Mesa Verde National Park © Rex Vogel, all rights reserved

The end of an era…

For seven centuries, the ancestral Puebloans thrived until they abandoned their homes around 1300 A.D. Archeologists have multiple theories as to why they left the area, the most likely determination being that drought wiped out their crops while impending war with invaders subsequently drove them south to the area that now belongs to the state of New Mexico. Another contributing factor to their departure was possible because they over-hunted and overused natural resources in the area.

Related article: Mesa Verde National Park: Look Back In Time 1,000 Years

Mesa Verde National Park © Rex Vogel, all rights reserved

Whatever the reasons for their complete departure, by 1300 the natives had moved on from their dwellings, never to return. After that, what was once a bustling community and home to tens of thousands of people fell into silence where their homes remained undiscovered for nearly 600 years.

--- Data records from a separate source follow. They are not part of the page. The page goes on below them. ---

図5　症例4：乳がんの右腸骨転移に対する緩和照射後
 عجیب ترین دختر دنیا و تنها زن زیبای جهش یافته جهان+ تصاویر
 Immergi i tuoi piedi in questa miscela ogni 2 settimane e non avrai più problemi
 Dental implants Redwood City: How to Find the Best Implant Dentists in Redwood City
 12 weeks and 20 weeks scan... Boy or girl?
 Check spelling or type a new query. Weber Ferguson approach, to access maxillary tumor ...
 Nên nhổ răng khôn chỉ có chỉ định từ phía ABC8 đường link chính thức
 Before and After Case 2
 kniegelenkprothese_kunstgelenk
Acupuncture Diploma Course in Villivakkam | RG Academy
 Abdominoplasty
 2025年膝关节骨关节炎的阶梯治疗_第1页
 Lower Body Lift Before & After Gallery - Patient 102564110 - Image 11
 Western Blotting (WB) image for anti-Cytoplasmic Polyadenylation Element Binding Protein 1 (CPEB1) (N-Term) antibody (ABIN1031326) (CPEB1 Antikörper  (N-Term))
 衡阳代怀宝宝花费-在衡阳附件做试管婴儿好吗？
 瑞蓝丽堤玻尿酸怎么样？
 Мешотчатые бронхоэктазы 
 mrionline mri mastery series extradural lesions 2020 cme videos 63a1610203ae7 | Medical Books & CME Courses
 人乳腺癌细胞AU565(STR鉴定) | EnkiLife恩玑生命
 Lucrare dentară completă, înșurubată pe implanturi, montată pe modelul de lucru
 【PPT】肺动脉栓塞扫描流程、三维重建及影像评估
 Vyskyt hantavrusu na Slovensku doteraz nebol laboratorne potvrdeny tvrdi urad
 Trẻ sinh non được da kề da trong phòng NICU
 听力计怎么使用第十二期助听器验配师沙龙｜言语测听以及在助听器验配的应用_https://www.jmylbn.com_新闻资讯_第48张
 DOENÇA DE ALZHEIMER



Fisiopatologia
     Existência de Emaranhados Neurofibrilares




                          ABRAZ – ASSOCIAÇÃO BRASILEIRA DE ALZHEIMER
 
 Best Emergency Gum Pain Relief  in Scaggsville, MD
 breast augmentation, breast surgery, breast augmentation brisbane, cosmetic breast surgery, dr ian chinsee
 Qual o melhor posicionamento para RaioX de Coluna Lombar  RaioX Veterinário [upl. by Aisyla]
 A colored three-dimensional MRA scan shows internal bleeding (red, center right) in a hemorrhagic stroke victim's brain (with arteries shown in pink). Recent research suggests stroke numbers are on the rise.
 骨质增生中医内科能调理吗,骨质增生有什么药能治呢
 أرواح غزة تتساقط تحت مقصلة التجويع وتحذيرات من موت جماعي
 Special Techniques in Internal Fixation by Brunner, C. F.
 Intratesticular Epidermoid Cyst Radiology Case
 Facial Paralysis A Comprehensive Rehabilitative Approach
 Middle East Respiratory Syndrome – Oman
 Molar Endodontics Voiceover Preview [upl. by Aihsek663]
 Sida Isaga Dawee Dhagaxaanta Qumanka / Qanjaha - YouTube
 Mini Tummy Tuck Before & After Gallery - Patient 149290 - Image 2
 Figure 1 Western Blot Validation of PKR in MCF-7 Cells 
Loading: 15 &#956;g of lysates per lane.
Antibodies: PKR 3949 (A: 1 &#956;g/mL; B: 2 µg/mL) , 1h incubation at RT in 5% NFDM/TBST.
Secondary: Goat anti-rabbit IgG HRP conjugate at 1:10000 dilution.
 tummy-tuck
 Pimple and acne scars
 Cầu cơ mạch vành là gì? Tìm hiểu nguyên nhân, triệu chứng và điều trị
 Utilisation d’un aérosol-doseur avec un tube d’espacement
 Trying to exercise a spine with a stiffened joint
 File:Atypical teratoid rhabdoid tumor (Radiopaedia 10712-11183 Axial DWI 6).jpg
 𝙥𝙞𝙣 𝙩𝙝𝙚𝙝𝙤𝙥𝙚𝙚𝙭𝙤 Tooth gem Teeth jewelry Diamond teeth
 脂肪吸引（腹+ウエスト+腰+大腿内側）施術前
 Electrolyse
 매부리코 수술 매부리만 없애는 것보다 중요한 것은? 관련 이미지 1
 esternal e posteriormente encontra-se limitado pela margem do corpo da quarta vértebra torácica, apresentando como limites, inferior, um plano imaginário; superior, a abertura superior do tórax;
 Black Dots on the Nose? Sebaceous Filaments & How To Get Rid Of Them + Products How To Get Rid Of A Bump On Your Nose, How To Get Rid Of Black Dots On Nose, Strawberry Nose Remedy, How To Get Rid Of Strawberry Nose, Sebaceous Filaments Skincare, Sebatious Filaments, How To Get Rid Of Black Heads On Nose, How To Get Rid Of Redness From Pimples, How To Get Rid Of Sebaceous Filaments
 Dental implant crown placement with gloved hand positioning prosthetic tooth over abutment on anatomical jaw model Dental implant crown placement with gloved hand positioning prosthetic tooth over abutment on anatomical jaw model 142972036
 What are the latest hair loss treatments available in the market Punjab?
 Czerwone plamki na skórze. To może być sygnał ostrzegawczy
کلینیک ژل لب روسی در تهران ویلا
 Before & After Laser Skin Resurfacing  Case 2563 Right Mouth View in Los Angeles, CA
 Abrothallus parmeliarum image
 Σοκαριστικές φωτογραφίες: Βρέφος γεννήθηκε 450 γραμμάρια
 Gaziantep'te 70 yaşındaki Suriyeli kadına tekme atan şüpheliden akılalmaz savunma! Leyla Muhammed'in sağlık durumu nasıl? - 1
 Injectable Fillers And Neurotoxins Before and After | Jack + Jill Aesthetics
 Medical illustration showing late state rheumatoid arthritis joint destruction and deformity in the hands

Mesa Verde National Park © Rex Vogel, all rights reserved

Exploring today…

One of the coolest aspects of Mesa Verde is the sheer volume of cliff dwellings that are preserved inside the park. There are also thousands of archeological sites on record and there are certainly more that are yet to be found. For this reason, Mesa Verde is one of the most highly restricted parks in the entire system (walking off of established trails is entirely prohibited.) The beauty of such restriction is two-fold: 1.) you are blessed with the knowledge of impassioned rangers who seem to know everything about the past, present, and near-future of the park; and 2.) you know that this lone cultural resource is being fiercely protected—as we want all of the parks to be!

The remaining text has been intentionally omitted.